Indeed, as soon as he tried imagining Irina here, he saw her sitting on the floor in her solitary orgies, listening to her old cassettes of the singer-songwriter Vysotsky and slowly getting drunk.
And there was the telephone, still the old GDR phone that used to stand downstairs. Still the same phone on which she had said, tonelessly, those four words.
“Sashenka. You. Must. Come.”
Four words from the lips of a Russian mother who had prided herself on
never in her life
having asked her son for anything at all.
And after each word, a long, atmospheric crackle, so that he was tempted to think the connection had been broken and hang up.
And how about him? What had he said?
“I’ll come when you’ve stopped drinking.”
He stood up, went over to the white-painted escritoire with the secret compartment where they had found Irina’s stash of bottles after her death.
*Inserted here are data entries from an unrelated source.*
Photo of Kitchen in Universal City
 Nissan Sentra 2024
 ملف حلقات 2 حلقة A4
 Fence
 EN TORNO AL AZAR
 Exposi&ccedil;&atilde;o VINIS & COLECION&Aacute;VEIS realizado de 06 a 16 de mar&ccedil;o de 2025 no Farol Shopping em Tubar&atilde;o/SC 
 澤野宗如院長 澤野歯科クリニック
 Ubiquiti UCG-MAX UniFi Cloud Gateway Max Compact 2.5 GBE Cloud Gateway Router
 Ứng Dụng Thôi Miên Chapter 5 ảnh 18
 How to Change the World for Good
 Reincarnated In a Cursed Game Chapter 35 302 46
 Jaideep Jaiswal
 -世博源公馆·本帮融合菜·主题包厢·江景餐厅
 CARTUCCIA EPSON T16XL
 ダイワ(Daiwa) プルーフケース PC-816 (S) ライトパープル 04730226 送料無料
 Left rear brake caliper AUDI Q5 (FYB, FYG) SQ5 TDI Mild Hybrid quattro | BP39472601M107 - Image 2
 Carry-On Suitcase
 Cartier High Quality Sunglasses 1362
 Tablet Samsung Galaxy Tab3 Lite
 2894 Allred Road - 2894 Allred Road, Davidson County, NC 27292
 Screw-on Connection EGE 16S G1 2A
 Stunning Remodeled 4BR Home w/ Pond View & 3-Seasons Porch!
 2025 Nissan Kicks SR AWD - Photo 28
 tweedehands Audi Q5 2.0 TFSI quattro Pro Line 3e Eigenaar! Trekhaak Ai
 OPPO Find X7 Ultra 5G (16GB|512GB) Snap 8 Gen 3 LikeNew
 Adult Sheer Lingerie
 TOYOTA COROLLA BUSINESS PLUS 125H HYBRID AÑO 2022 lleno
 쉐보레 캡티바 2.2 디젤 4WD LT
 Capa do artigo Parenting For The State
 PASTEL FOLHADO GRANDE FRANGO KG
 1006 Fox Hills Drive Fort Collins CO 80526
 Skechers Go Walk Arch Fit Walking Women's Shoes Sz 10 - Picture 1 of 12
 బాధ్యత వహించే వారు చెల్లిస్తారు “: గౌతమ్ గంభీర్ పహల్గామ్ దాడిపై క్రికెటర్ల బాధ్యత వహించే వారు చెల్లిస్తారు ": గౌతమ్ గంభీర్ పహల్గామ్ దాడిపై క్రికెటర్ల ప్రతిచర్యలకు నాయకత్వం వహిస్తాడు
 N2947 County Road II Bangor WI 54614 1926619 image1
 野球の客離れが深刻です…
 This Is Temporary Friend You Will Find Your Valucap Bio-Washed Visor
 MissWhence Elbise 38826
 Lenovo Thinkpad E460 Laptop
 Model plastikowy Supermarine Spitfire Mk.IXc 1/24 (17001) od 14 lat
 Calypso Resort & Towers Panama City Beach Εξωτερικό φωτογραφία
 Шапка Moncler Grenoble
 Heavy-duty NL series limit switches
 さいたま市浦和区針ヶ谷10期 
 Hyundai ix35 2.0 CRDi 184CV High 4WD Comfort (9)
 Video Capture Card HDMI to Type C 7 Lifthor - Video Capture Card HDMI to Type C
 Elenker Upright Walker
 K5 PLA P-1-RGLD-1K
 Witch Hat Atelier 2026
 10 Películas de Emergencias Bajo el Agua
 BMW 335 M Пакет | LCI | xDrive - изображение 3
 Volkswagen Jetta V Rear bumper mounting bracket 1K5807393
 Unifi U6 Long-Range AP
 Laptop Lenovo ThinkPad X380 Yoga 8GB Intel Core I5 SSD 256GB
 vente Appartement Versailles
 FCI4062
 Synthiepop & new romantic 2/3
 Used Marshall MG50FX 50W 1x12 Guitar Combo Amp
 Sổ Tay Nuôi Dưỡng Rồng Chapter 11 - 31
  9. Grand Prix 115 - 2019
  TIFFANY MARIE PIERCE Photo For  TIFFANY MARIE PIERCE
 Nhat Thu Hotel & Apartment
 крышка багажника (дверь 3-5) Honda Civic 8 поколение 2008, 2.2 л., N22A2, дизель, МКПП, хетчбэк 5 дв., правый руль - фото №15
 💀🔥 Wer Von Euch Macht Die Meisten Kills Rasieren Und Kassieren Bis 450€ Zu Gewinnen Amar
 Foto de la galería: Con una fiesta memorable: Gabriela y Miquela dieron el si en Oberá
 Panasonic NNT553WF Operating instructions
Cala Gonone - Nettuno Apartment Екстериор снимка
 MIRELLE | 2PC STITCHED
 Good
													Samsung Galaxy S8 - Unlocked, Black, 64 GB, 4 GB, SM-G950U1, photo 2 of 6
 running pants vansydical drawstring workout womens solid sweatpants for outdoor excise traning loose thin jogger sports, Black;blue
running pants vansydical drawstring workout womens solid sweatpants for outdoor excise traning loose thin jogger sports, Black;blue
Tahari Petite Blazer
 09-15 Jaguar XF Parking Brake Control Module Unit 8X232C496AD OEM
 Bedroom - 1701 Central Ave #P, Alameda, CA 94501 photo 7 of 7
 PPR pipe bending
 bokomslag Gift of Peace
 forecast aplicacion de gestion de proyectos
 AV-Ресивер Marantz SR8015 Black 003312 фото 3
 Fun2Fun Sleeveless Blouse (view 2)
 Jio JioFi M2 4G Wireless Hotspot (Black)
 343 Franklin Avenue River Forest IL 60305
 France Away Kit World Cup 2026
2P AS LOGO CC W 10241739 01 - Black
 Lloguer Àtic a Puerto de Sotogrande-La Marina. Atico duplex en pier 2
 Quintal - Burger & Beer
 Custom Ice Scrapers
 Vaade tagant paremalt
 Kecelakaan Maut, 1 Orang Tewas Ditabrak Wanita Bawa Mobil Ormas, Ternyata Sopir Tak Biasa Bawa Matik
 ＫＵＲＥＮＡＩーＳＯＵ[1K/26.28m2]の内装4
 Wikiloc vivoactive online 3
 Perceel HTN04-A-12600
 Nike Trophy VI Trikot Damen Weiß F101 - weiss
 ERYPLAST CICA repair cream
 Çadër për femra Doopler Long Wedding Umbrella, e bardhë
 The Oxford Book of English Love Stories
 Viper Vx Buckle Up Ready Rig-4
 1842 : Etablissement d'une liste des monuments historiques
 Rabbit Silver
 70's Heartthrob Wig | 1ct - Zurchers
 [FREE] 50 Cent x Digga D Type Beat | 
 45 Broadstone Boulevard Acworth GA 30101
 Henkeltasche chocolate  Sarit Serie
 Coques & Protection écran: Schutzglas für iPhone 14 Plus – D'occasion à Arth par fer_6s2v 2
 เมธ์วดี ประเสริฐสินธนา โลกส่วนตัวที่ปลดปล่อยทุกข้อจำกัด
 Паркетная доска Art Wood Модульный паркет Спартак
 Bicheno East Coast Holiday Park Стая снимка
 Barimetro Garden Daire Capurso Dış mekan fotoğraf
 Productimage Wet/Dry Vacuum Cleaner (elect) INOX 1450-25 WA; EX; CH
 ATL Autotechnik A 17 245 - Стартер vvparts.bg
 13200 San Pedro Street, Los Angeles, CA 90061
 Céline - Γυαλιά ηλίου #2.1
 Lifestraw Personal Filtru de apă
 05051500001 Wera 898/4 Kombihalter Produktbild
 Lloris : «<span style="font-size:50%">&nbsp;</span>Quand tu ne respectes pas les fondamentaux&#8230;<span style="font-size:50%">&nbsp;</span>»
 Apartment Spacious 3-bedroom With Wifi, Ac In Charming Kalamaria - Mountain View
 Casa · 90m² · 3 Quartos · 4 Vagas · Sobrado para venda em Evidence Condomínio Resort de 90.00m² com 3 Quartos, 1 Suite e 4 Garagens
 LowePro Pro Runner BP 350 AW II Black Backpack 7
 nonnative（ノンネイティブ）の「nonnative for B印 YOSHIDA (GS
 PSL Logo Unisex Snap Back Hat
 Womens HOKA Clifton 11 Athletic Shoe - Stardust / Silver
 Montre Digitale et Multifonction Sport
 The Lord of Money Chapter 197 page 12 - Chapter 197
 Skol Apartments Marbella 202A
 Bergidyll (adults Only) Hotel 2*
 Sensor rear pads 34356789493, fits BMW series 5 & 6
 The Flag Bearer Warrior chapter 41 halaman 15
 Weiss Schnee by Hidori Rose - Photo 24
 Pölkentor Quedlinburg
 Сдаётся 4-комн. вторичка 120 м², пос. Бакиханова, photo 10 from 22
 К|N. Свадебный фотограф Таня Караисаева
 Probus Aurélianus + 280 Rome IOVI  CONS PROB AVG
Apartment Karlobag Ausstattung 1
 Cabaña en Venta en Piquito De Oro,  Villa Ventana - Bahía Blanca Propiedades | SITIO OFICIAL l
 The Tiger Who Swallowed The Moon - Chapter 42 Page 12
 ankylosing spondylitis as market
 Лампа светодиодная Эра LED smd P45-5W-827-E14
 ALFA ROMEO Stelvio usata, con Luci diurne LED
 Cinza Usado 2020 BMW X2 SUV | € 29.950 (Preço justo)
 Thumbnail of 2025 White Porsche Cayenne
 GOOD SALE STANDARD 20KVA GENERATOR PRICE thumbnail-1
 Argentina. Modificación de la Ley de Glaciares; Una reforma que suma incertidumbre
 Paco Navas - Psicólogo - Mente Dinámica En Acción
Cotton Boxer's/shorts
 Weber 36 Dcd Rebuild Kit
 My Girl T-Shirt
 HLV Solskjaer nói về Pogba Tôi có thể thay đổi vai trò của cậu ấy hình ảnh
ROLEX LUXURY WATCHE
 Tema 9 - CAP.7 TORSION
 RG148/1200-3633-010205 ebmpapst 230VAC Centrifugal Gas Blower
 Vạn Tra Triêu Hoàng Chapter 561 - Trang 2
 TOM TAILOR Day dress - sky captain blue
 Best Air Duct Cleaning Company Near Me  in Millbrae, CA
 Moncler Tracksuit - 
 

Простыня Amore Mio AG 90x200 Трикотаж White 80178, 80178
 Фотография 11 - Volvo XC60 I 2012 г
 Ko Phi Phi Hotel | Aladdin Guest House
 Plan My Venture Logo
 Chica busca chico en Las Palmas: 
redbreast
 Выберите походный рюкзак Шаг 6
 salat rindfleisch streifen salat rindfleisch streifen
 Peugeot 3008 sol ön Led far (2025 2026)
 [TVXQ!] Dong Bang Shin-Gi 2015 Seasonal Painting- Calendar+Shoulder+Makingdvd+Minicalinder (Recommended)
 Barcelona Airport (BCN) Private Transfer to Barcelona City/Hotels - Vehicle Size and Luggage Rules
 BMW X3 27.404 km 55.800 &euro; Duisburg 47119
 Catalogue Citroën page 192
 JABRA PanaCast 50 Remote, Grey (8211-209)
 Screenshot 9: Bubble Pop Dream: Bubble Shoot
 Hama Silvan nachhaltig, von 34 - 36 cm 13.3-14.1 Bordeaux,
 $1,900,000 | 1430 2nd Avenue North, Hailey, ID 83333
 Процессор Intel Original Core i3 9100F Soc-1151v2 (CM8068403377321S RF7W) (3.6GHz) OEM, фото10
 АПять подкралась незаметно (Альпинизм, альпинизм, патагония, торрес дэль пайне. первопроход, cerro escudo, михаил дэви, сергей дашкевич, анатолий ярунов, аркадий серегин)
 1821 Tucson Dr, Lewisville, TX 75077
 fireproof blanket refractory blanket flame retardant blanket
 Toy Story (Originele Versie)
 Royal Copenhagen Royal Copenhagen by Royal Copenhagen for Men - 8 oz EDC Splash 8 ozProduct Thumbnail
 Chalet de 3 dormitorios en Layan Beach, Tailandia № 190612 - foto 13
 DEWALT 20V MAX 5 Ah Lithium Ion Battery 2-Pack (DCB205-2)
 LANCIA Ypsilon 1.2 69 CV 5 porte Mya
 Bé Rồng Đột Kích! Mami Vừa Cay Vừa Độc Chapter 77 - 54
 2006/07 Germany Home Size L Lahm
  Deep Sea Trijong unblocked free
He opened it, began searching it like an addict. Dropped on the sofa again. There were no bottles here now.
Or had he said “boozing”? I’ll come when you’ve stopped boozing.
Two weeks later, he had driven to the undertakers’ to bring his mother back to life ... or no, he had gone because there were still some formalities to be dealt with. But on the road he had become obsessed by the idea that he could revive his mother if only he spoke to her. And after he had walked around the block twice, trying to talk himself out of the notion, he had finally gone in, asked to see his mother, and was not to be dissuaded even when the knowledgeable staff said it would be better for him to remember her “as she was in life.”